The FCC’s actions are “a huge step in the right direction for consumers,” Kearney adds, but there’s also cause for concern in the language the agency used, which did not require carriers to offer robocall blocking free of charge to their customers. “That’s disappointing and that’s something that the FCC should address,” Kearney says. “[Carriers] now have the ability to block these calls; they should be doing that for free. These calls have hijacked our cellphones.”

“[Carriers] now have the ability to block these calls; they should be doing that for free”

Both Rosenworcel and Commissioner Geoffrey Starks gave space to this issue in their published opinions on the vote, with Starks writing, “I expect call blocking services should be offered to consumers for free. I’d note that this item makes it abundantly clear that providers who implement these services will save billions of dollars as network capacity is freed up and customer service representatives field fewer complaints.”
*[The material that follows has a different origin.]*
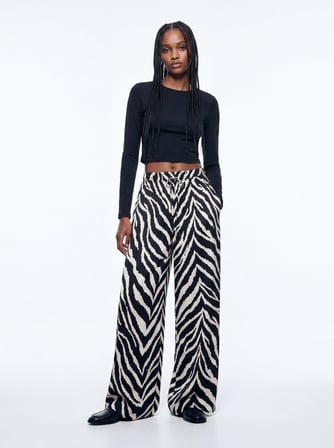 Zebra Desinli Geniş Paça Siyah Pantolon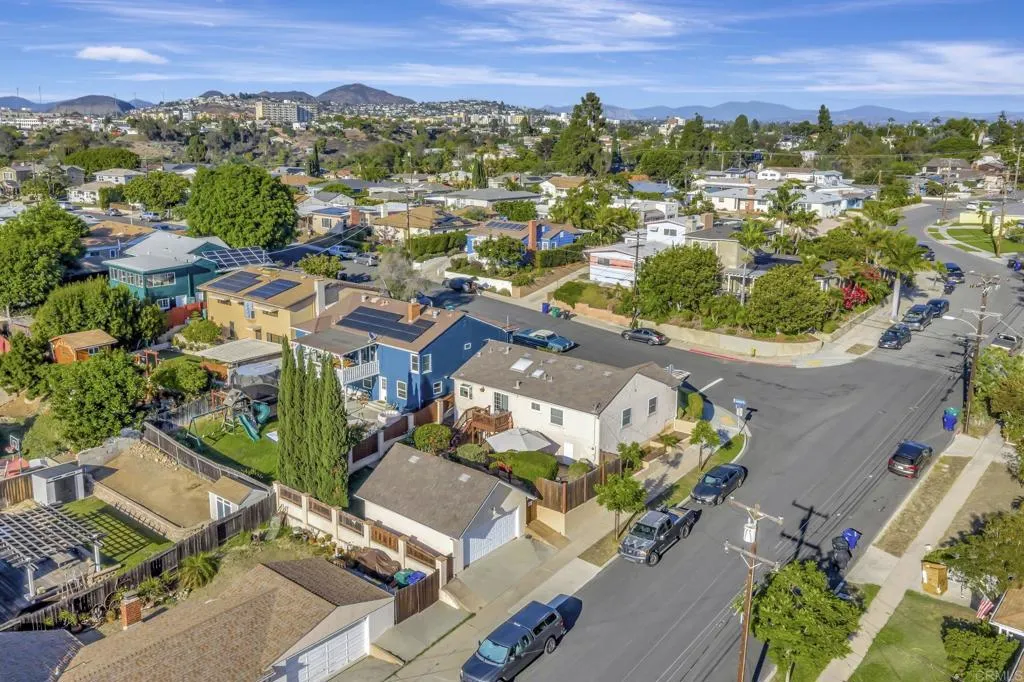 https://cdn.realtyfeed.com/cdn/127/306548559/d1f0cace5e884296382827a30428b666.webp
“I think robocall solutions should be free to consumers. Full stop,” Rosenworcel wrote.

Spam calls have been a popular bipartisan cause for decades now, and Congress passed the Telephone Consumer Protection Act in 1991. This is the law that set up the Federal Trade Commission’s Do Not Call program, which was sort of dubiously helpful in that it asked telemarketers to maintain their own lists of people they weren’t allowed to contact. And telemarketers, while annoying, were at least human.

FCC Chair Ajit Pai regularly refers to robocalls as a “scourge” on the country

The FCC created a “Robocall Strike Force” in 2016 to combat the escalating problem of non-human callers. So far, it has done so by attempting to levy fines, to mixed success. The $120 million fine that notorious Miami robocall kingpin Adrian Abramovich was ordered to pay last year (after placing 96 million scammy travel deal calls in just one year) was hailed as a huge success, but it’s obviously done very little to stymie the increase in these types of calls.

Still, if you’ve stopped answering calls from unknown numbers for fear that some non-human voice is just going to freak you out with tales of invalidated Social Security numbers and grandchildren stranded in Mexico, there could be some relief coming. In a statement yesterday, FCC Chair Ajit Pai said that carriers would have through the end of the year to incorporate STIR/SHAKEN tech voluntarily before the FCC pursues regulatory measures to make it mandatory.

“Since the beginning of 2017, fighting illegal robocalls has been the FCC’s top consumer protection priority,” Pai’s statement reads. “I commend those carriers who have stepped up to the plate and already indicated that they will implement call-blocking services by default. And I encourage those who haven’t already done so to listen to the American people and help to end this scourge.”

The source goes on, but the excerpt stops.